AL-Fraktionserklärung zum Kommunalen Richtplan (SLöBa)
Wir gehen davon aus, dass sich in dieser Woche nicht alle bewusst sind, worüber hier debattiert wird: Vordergründig geht es um den Siedlungsplan für Zürich, ein Schrift-, Plan- und Kartenwerk, das die bauliche Entwicklung der Stadt für die kommenden Jahre strategisch begleiten soll. Eingebunden – wenn nicht gar «korsettiert» – wird es durch übergeordnete Richtplanungen, also die Vorgaben des Bundes sowie den kantonalen und den regionalen Richtplan. Der Richtplan ist behördenverbindlich und – wie die Stadt selbst sagt und immer wieder betont– absichtlich «unscharf». Zum Beispiel entstehen für die privaten Grundeigentümer*innen dadurch explizit keine automatischen Verbindlichkeiten. Nachdem wir ihn hier beschlossen haben, muss er von der kantonalen Baudirektion genehmigt werden. Wir agieren hier nicht als Repräsentant*innen einer autonomen Stadtrepublik Zürich.
Achtung: Spielwiese
Die demonstrative «Unschärfe» in den Formulierungen des Richtplans, deren latente Aggressivität einige in der Kommission immer wieder fuchsig gemacht hat, mag mit ein Grund sein, warum der vorliegende Antragskatalog einem in allen Parteifarben entgegenschillert. Die SVP will, dass über den Richtplan der Anteil von Ausländer*innen begrenzt wird. Die FDP geht so weit, dass sie harmlose Begriffe wie «Qualität» im Richtplan eliminiert, aus Angst, dies könnte die bereits heute arg gebeutelten privaten Grundeigentümer*innen vollends ihrer Freiheit berauben.

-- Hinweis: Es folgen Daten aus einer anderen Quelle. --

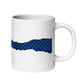 McEnroe Blue Check mug - Game Yarns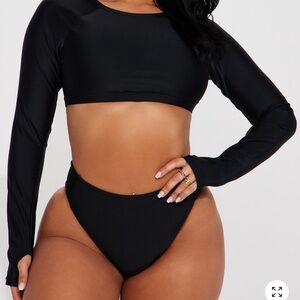 Fashion Nova Black Bikini Set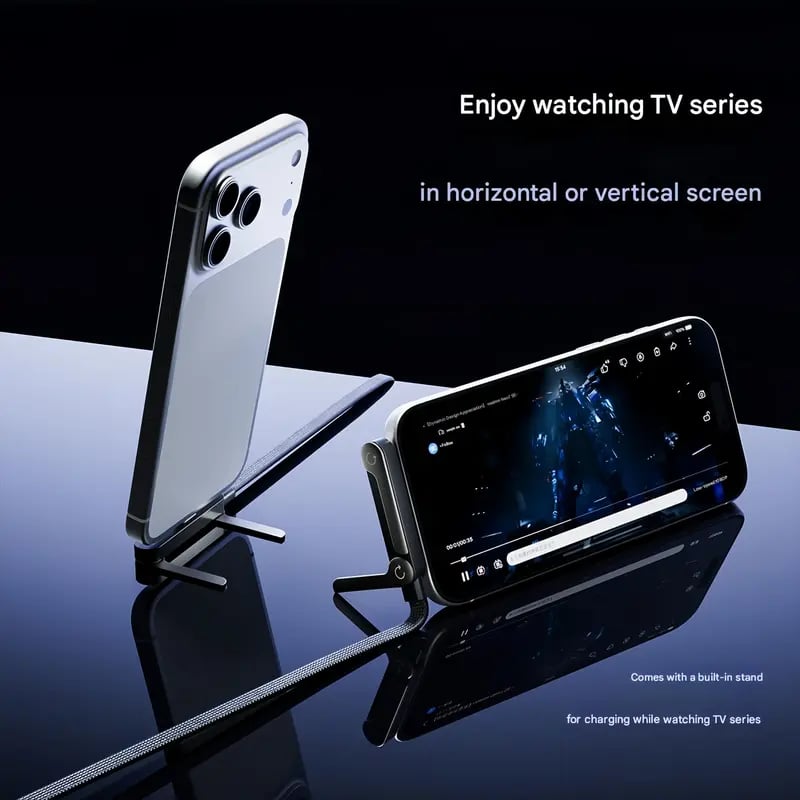 Adjustable Phone Stand with Flexible Support Cable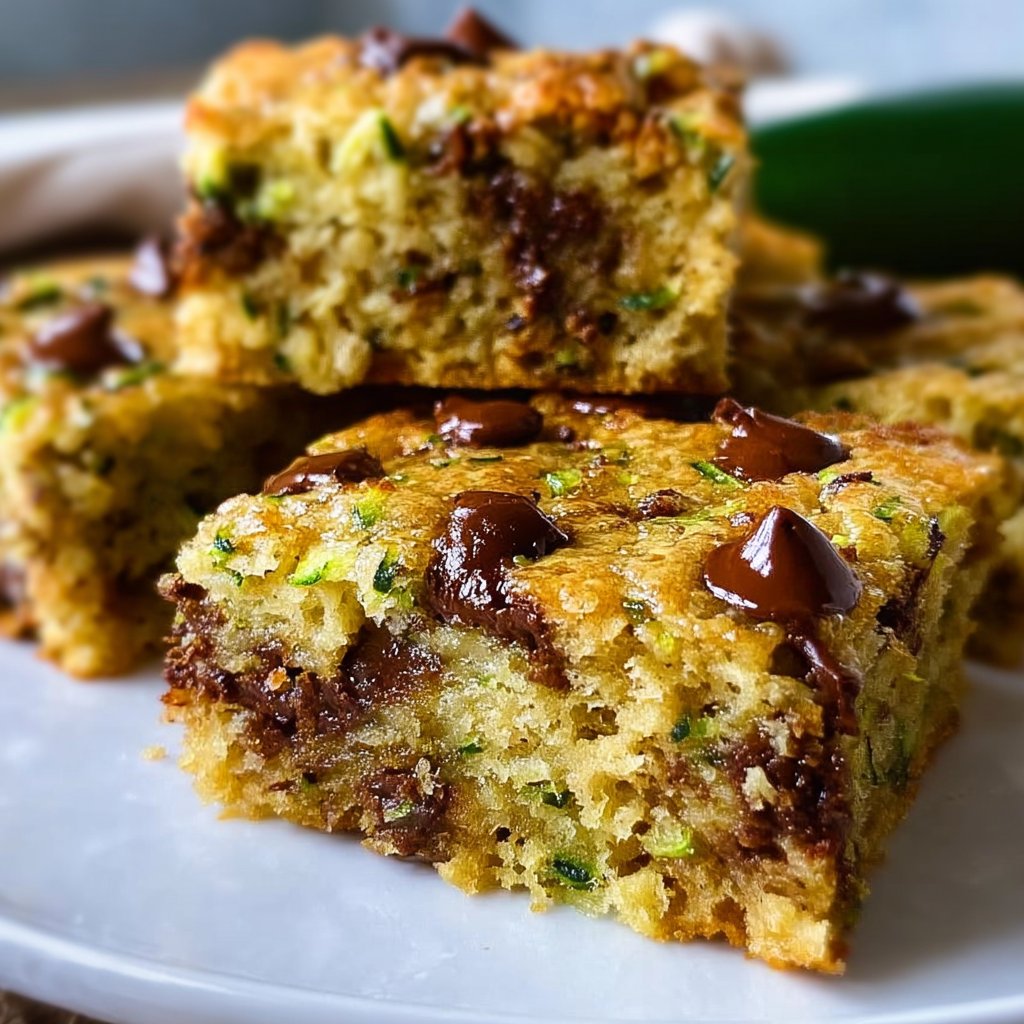 Chocolate Chip Zucchini Bars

Während sich die Bürgerlichen also wie wilde Sandkastenkinder gebärden, die den anderen ihre Sandburgen kaputtmachen wollen, – wir werden das hoffentlich auch live mitverfolgen können- baut sich die GLP eine Stadt à la GLP in den Richtplan hinein: Hochhäuser, da, wo man verdichten kann, Grün drumherum. Wo’s das nicht tut, ein bisschen Bosco Verticale die Wände hoch. Unten das Büro, oben die Aussicht. Fertig ist die Stadt.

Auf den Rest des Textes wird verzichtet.